Meet the winners of the Sensors & Diagnostics Outstanding Early Career Researcher Award 2023

We are thrilled to announce the launch of our prestigious Outstanding Early Career Research Award, aimed at recognising, and celebrating outstanding contributions in the realm of Sensors & Diagnostics. This initiative seeks to honour the dedication, innovation, and impactful research endeavours of promising early career researchers.

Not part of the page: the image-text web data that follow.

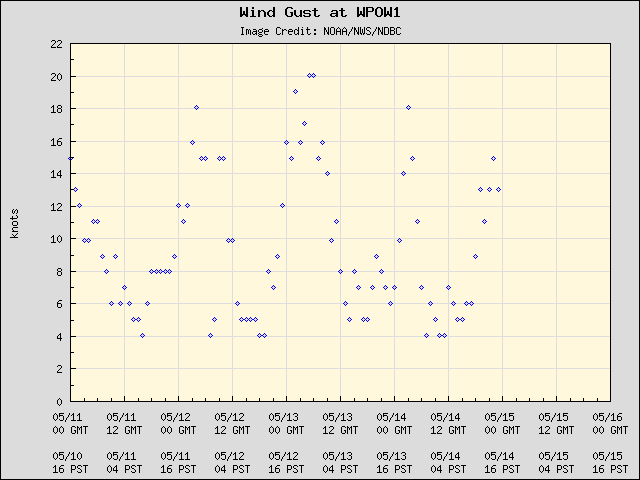 5-day plot - Wind Gust at WPOW1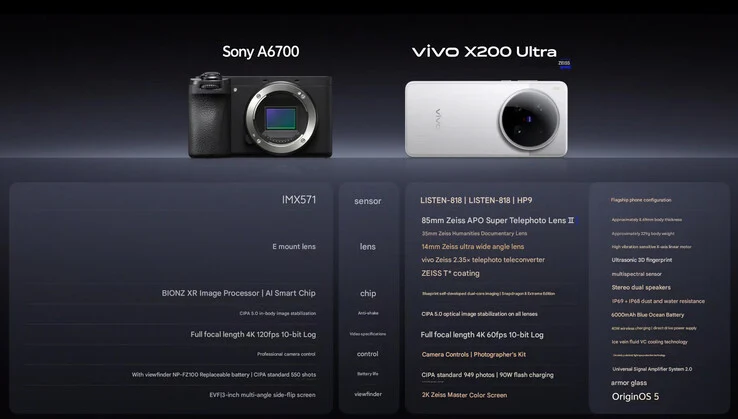 Vivo X200 Ultra Launches: Zeiss Camera with 8.7x Zoom Support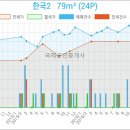 이마트24 서구심곡점 네이버블로그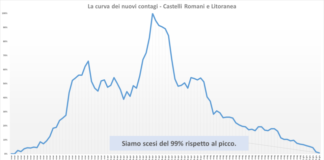 Comunisti “A Roma altri 24 nuovi positivi nella clinica privata San Raffaele alla Pisana” comunisti_castelli_andamento_contagi_asl_rm_6_06_06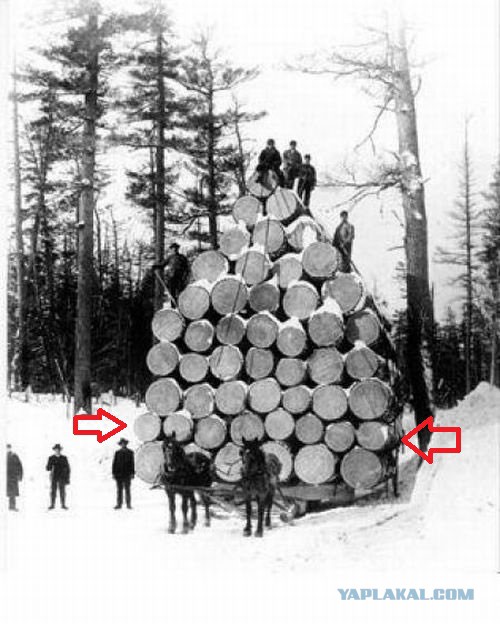 Фальшивая история человечества. Старинные фотографии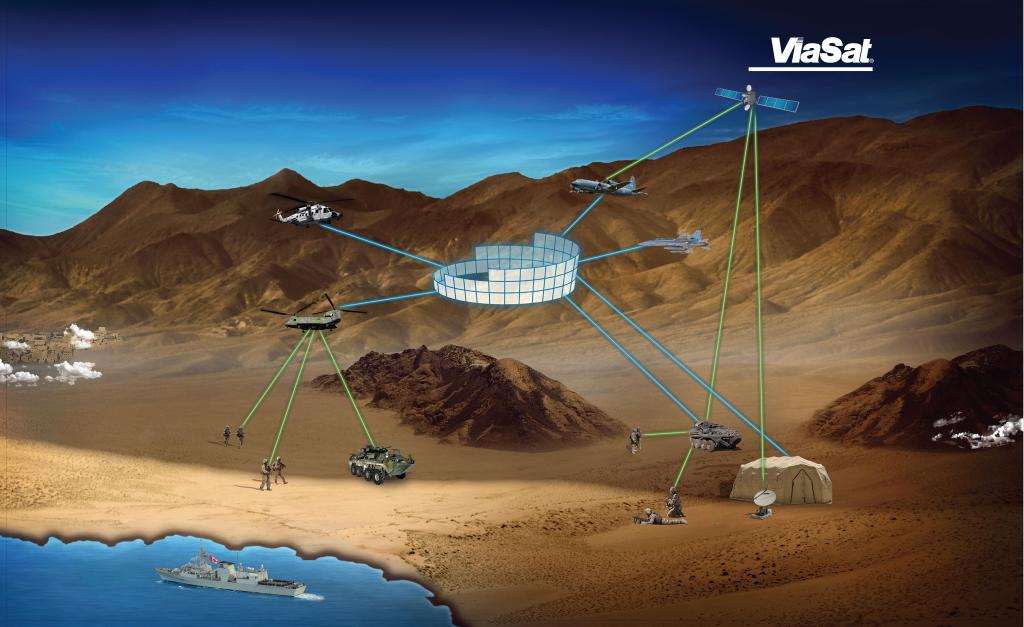 L3Harris CEO says Viasat Link 16 assets are JADC2 ‘accelerant’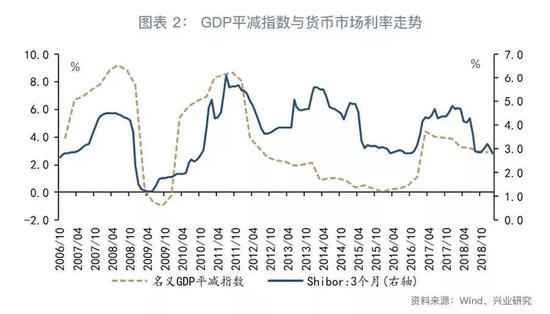 2、物价指数分歧时货币市场利率的演绎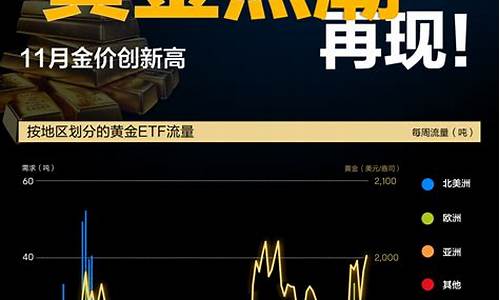 有关金价的新闻讨论报道_有关金价的新闻讨论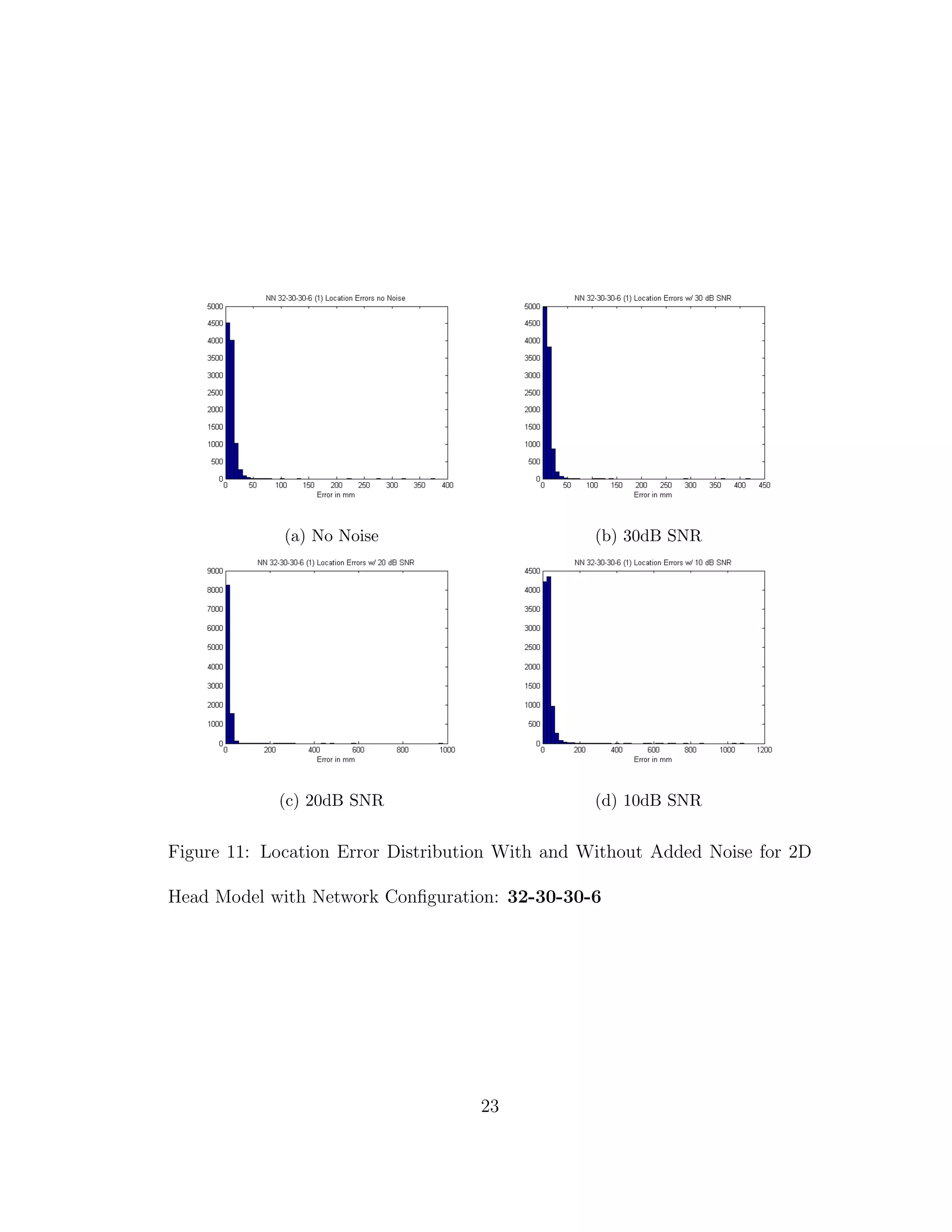 (a) No Noise (b) 30dB SNR
(c) 20dB SNR (d) 10dB SNR
Figure 11: Location Error Distribution With and Without Added Noise for 2D
Head Model with Network Conﬁguration: 32-30-30-6
23
 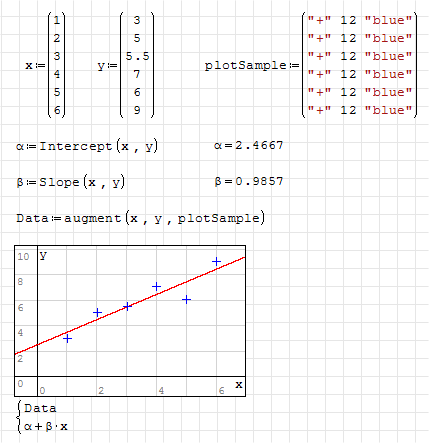 Erweitert SMath Studio um statistische Werkzeuge: Stichprohenschätzer, Wahrscheinlichkeitsdichte, kumulative Dichte, Quantil-Funktionen, Zufallszahlen, usw.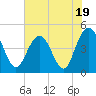 Fort Johnson tide chart for Wednesday, July 19, 2023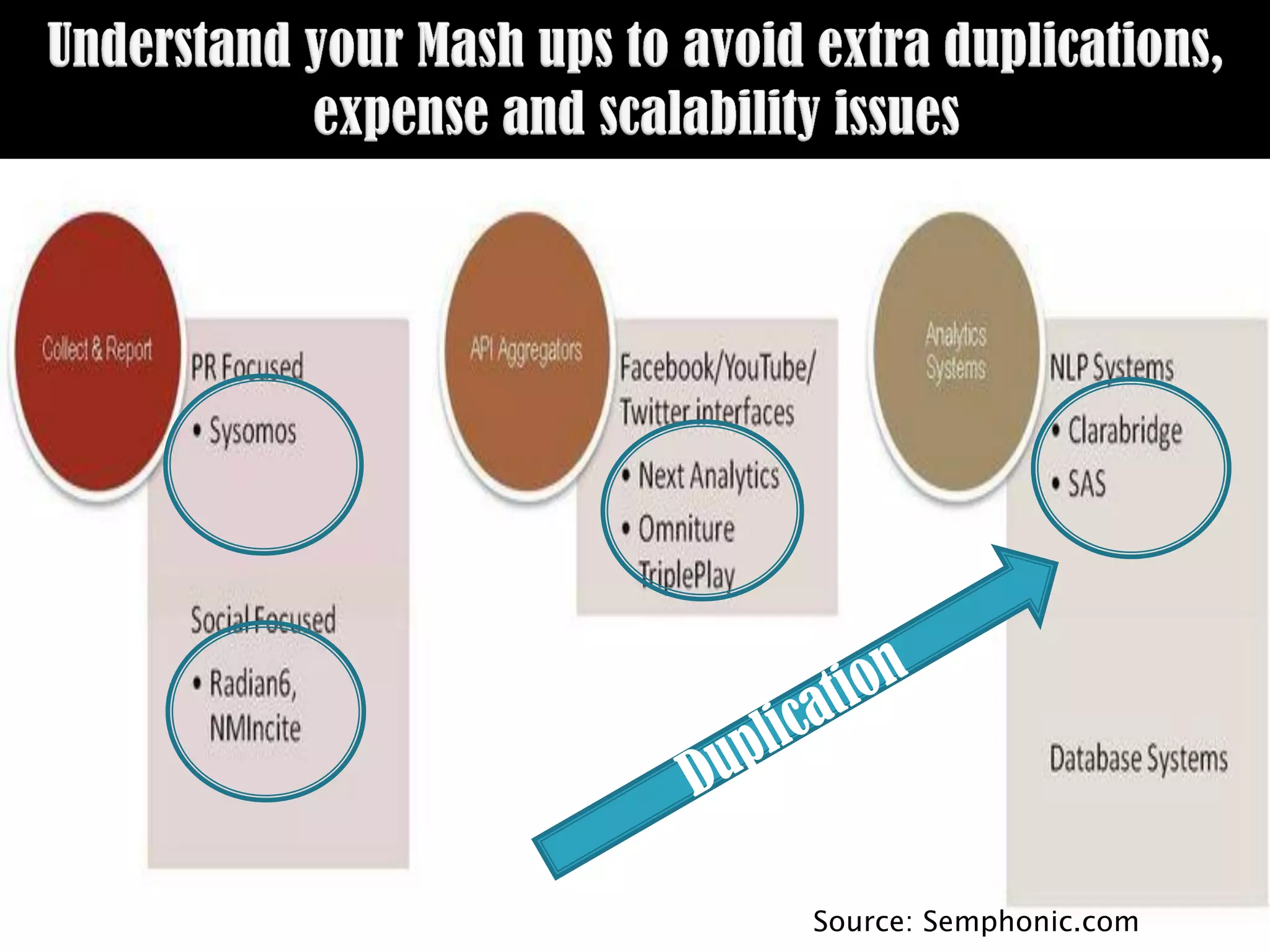 Source: Semphonic.com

In a world where metabolic diseases like obesity and diabetes are on the rise, the need for convenient tools to measure body fat burn rates and guide lifestyle changes is paramount. In their work Handheld device quantifies breath acetone for real-life metabolic health monitoring, Dr Ines Weber and her team address this need head-on and have developed a ground-breaking handheld device. By analysing acetone content in breath, this device provides accurate measurements of fat burn rates, offering personalized insights into metabolic health. Its compact size, simplicity of use, long-term reliability, and remarkable accuracy set it apart. With specialized filtering units that selectively allow only acetone to pass through, the device accurately tracks the impact of stimuli such as diet and exercise, making it a promising tool for personalized health monitoring.

Meet the team

Grégoire Bastide, Anna Remund, Dina N. Oosthuizen, Nina Derron, Philipp Gerber and Ines Weber


  • Dr Grégoire Bastide: With a background in mechanical engineering from ETH Zurich and Stanford University, Grégoire Bastide’s research focuses on breath analysis and medical technology, particularly devices for disease diagnostics.
  • Dr Anna Laura Remund: Currently completing her master’s degree in mechanical engineering at ETH Zurich, Anna’s research interests lie in developing medical devices for disease diagnostics, with experience gained from research stints at Stanford University.
  • Dr Dina N. Oosthuizen: A research associate at Northeastern University, Dr. Oosthuizen specializes in designing sensor platforms for extreme environments, including space. Her expertise in chemical gas sensors and nanomaterial functionalization contributes to real-world solutions.
  • Dr Nina Derron: With a background in Health Sciences, Biomedical Engineering, and a recent PhD in Clinical Science, Dr. Derron’s research focuses on nutritional interventions, particularly intermittent fasting, and applying novel mobile technologies to enhance disease understanding and treatment.
  • Prof Gerber: A senior physician and group leader at the University Hospital Zurich, Prof. Gerber’s research interests encompass clinical studies in nutrition, focusing on the impact of nutrition on metabolic diseases. His work has been recognized with numerous grants and awards.
  • Dr Ines Weber: Dr Weber’s research centres on nanoscale engineering of sensors for healthcare applications, emphasizing personalized medicine. With experience from ETH Zurich and Stanford University, her work has garnered recognition through awards like the ETH medal and GAeF PhD award.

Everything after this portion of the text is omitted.